When I looked at the original N95 I was not overly impressed. Sure it crammed in the features, but I found the handset large, build quality less than stunning, battery life poor, GPS antenna iffy and general software running a bit slow. Hardly a ringing endorsement.
The original N95 has had several firmware upgrades since my review appeared which I understand have dealt with some of the issues. But the good news is that the N95 8GB is an all round better handset from the start.
It is still a beast of a mobile weighing you down to the tune of 128g and measuring 53mm wide and 21mm thick. It is 99mm tall and when you open the slider to get at the number pad it grows to a staggering 130mm. In terms of its size and shape, then, this mobile is not for those looking for neatness – in fact it feels like a throwback to the clunky phones of yesteryear. It needs to offer a big payoff for requiring you to carry it.
The ‘dual slider’ concept remains.
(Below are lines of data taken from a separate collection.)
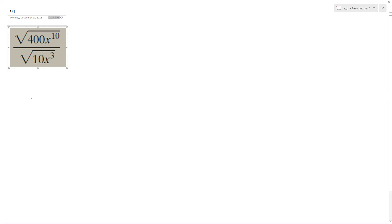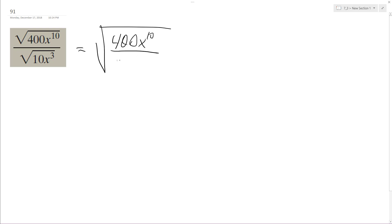Alright, so we want to solve the following. We can rewrite this under one radical, so we get 400x^10 over 10x^3.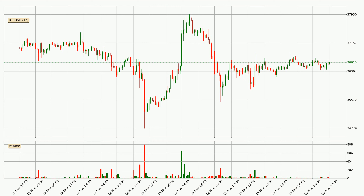If you are not familiar with the indicators, check out the explanation videos down below in the description. Looking at the Bitcoin hourly time frame, the price moved only slightly to the downside with around 0.4% in the last 24 hours, with a current price of $36,615.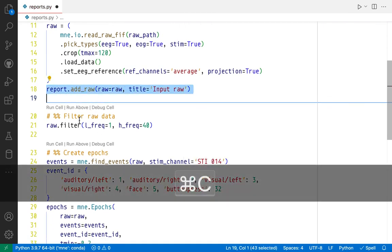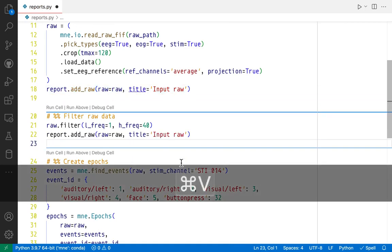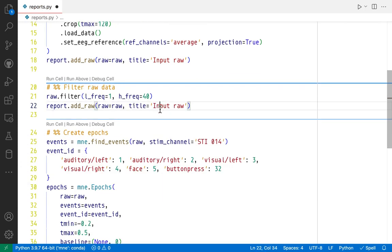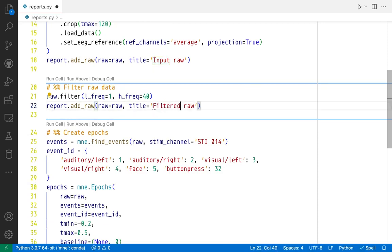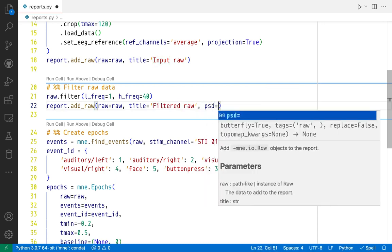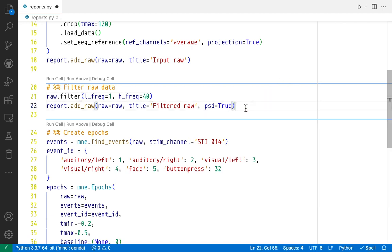Just going to copy and paste this line here to add the filtered raw data to the report as well. I'm just going to change the title, filtered raw. And because I want to see the effects of filtering, I'm also going to pass psd equals True, which will ensure that we will get a PSD visualization, a PSD plot in the report.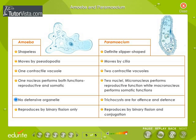There is no defensive organelle in amoeba. Paramecium has trichocysts, which are for offense and defense. Amoeba reproduces only by binary fission, whereas paramecium reproduces by binary fission and conjugation.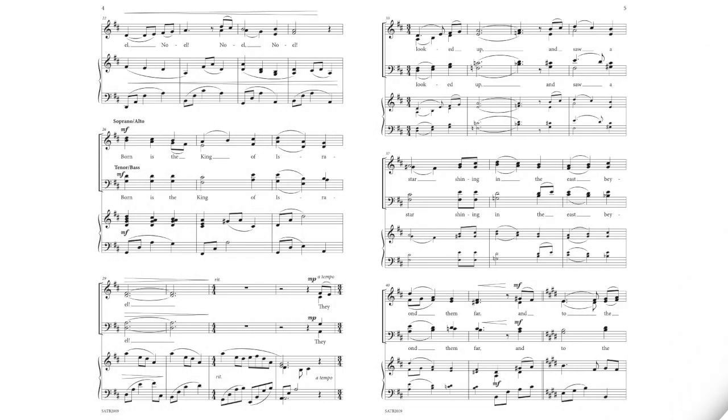Noel, Noel, Noel, Noel. Born is the King of Israel.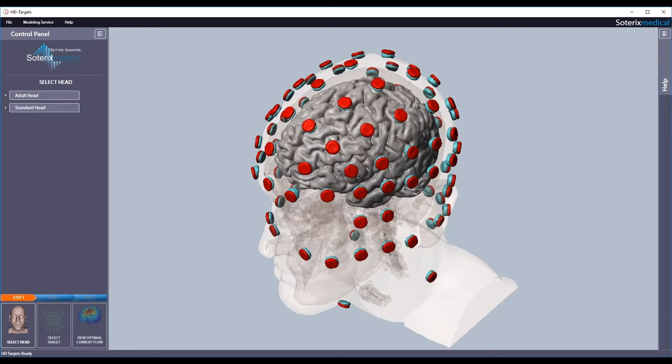This is a demonstration of how to use HD Targets by Soterics Medical. HD Targets is a simple but powerful program that allows you to achieve neuro-targeting with your Soterics Medical High Definition Stimulator.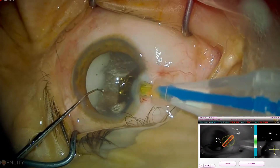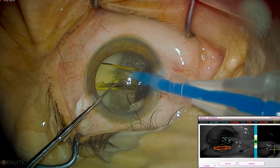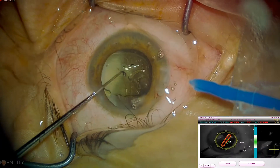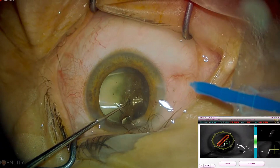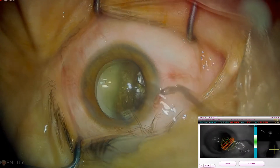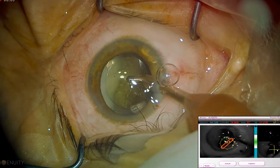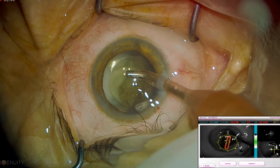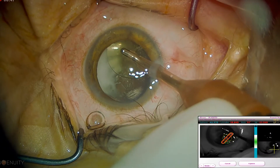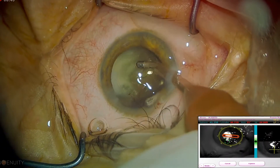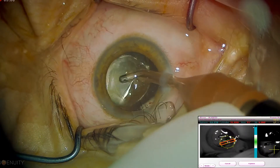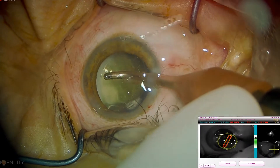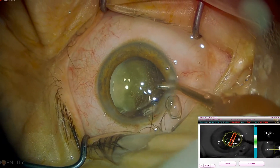The lens implant is injected into the capsular bag and dialed into proper position. Irrigation aspiration is then used to remove the viscoelastic material. The lens is pushed inferiorly and superiorly to try to dislodge any viscoelastic underneath the lens implant. The wounds are then hydrated and the eye is left at physiologic pressure.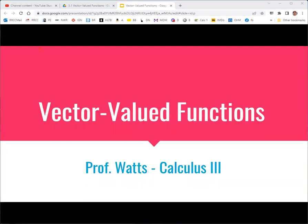In this video we're going to look at vector valued functions. This goes along with section 3.1 from the OpenStax textbook Calculus Volume Three.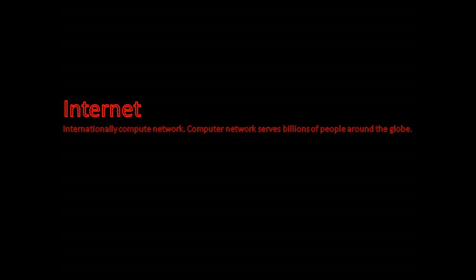Some transmissions can't catch up with the speed connection. The internet is an international computer network. The computer network serves billions of people around the globe.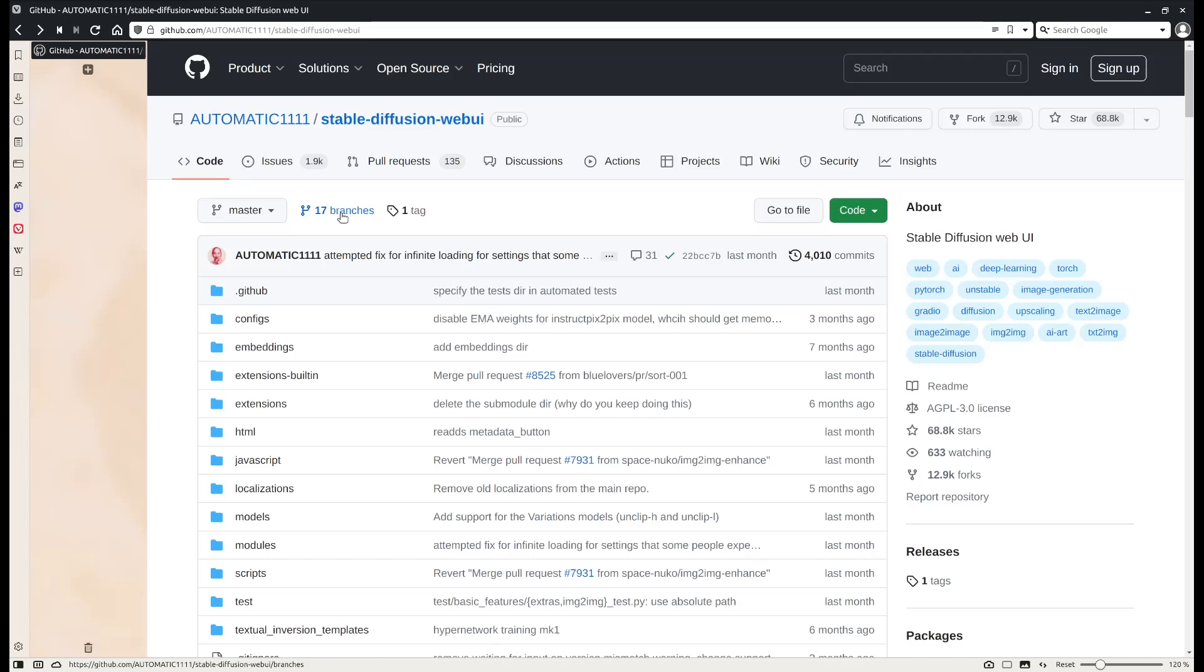Hello everyone, welcome to my channel. I did several tutorials on AMD GPU running Linux, and one thing I got a lot from the audience is they really want to use a web UI to do stable diffusion. Today I will do a tutorial on how to run one of the most popular web UIs for stable diffusion.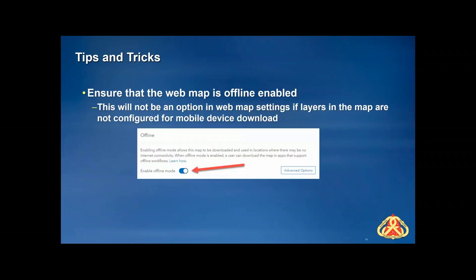Ensure that the web map is offline enabled. If you happen to add a service that is not sync enabled, sometimes this toggle will switch back to the left and disable offline mode — sometimes it doesn't. I'm not quite sure why it responds the way it does. But it is definitely important to check this offline setting in the item details for the web map and make sure that your web map is offline enabled.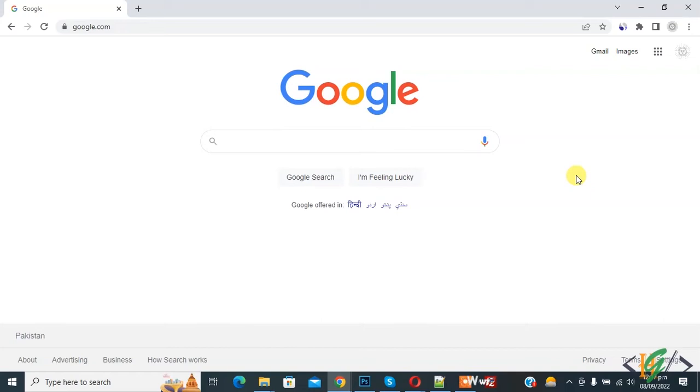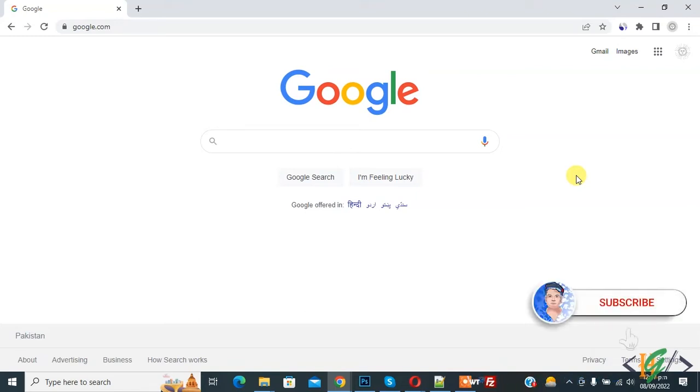Bismillah Ar-Rahman Ar-Rahim, Assalamu Alaikum. My name is Asan and today we are going to find out website CSS through Google Chrome extension. Before starting work, it's my request please subscribe my channel. Thank you. Now back to our work.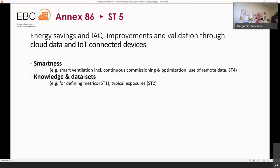Sub-task five includes commissioning, optimization, and use of remote data — all to be explored in ST5. It also aims to explore the knowledge and datasets that exist or will exist, in relation with the metrics used in ST1 and with the exposure measured or to be measured as defined in ST2.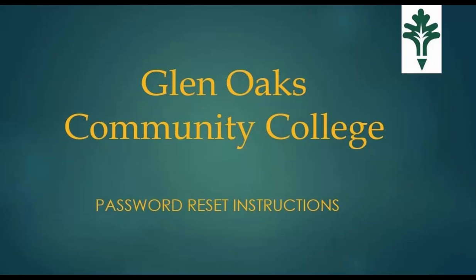Hello and welcome. This is the password reset instructional video for Glen Oaks Community College's password management system through WebAdvisor.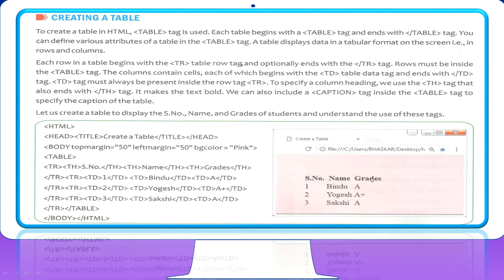In the first row, all entries are table headings. They start with the tr tag, then use the first th tag with 'S Number' written inside — visible as the heading. Then they close the first th. The second th contains 'Name', and the third th contains 'Grades.' After all headings are mentioned, the tr tag is closed, completing the first row.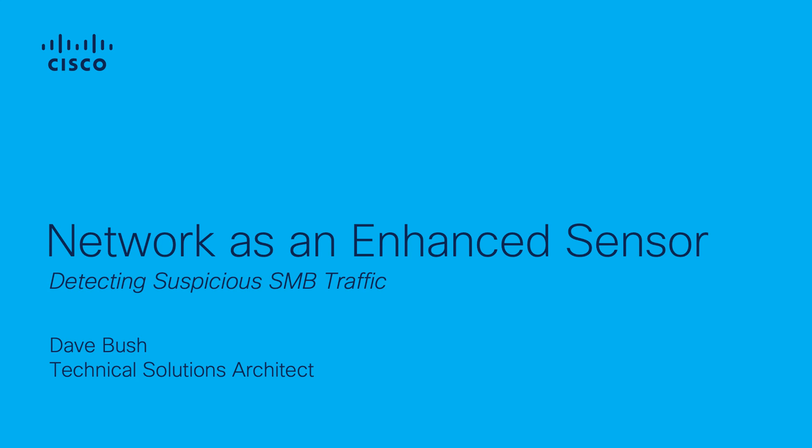Before we begin, let's review the benefit to your enterprise in using StealthWatch to detect suspicious SMB traffic.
The number pad slides out of one end, and out of the other, a bank of four buttons for controlling music playback. I wasn’t bowled over by the concept last time round and it doesn’t grab me much this time either, but as before, you can use these buttons to control music playback when you are in applications other than the music player, which could be handy.
As a quad-band 3G handset with front facing camera for video calling, the N95 8GB is nothing special. Nor does the 5-megapixel Carl Zeiss optics-toting main camera have the ‘wow’ factor it once did as there are plenty of 5-megapixel cameras on phones these days.
But thanks to the huge library of built-in software, 8GB of flash memory (plus another 100MB for messages, ringtones, images, video clips, calendar, to do lists and apps), Wi-Fi and huge screen, the N95 8GB does come the closest I’ve seen yet to Nokia’s aspiration of putting a real computer in your pocket.